July 30, 2013
125 years of resource stewardship, for the public.
Twenty-sixth U.S. President; hunter; founder of B&C Club.
Many of us know of Theodore Roosevelt's love of hunting and firearms (to view a special photo gallery, log on to: www.petersenshunting.com/teddy), but he was also the most infuential conservationist in our nation's history.
Roosevelt believed so strongly in our need to protect America's valuable wildlife resources that he founded the Boone and Crockett Club in 1887.
As a strong advocate of personal self reliance, dedication to one's country and the United States being a world power, he strongly advocated for conservation as a national duty. Roosevelt also believed that only the best science available should be used to make critical decisions on natural resource use and management.

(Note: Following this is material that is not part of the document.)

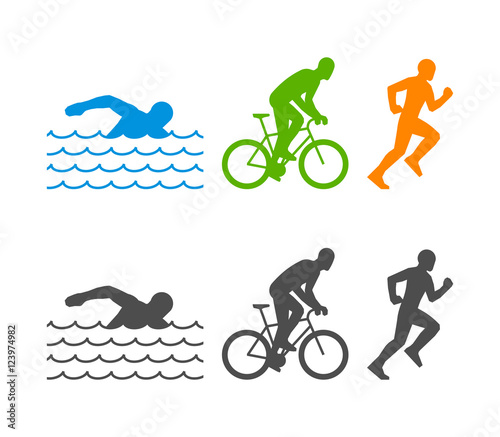 Vector flat logo triathlon. Figures triathletes on a white background.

Through his efforts, the Club began providing seed money for some of the first wildlife research projects and careers in wildlife management.

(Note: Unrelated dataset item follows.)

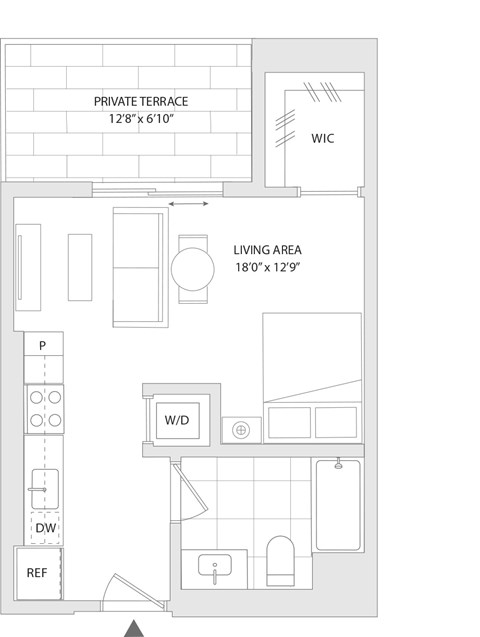 Floor plan for studio, 1 bath, 441 sqft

Under the leadership of member Aldo Leopold, the Club began formulating flexible scientific management policies for wildlife and natural resources to achieve an ecological balance. The Club also called for the first President's Conference on Outdoor Recreation. This lead to the establishment of the National Recreation Policy, which coordinated resource management at federal, state and local levels.

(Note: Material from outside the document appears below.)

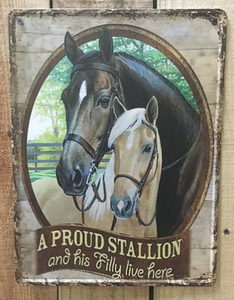 "Proud Stallion" Tin Sign
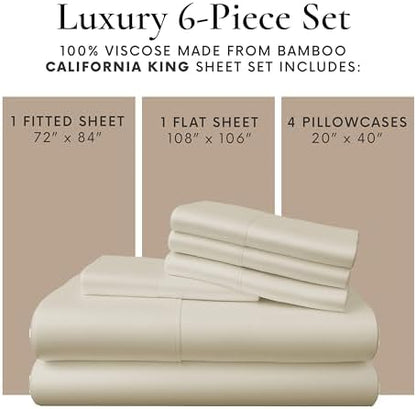 Bamboo Bay 6 Piece California King Size Sheet Set, 100% Viscose Made from Bamboo, Breathable, Ultra Soft Cooling Bed Sheets for Hot Sleepers, Beddings with Deep Pockets Fit 16" Mattress, Ivory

Through Roosevelt's and the Club's efforts a system emerged that remains the most successful system of natural resource, use management and perpetuation devised by man—a system we know today as the North American Model of Wildlife Conservation (read about it at boone-crockett.org, under Conservation).
This Model is anchored by a Supreme Court decision that decreed that wildlife belongs to the people, and not government, corporations or individuals. It further directs how this natural resource is to be used and managed under sustainable guidelines for the betterment of wildlife and people.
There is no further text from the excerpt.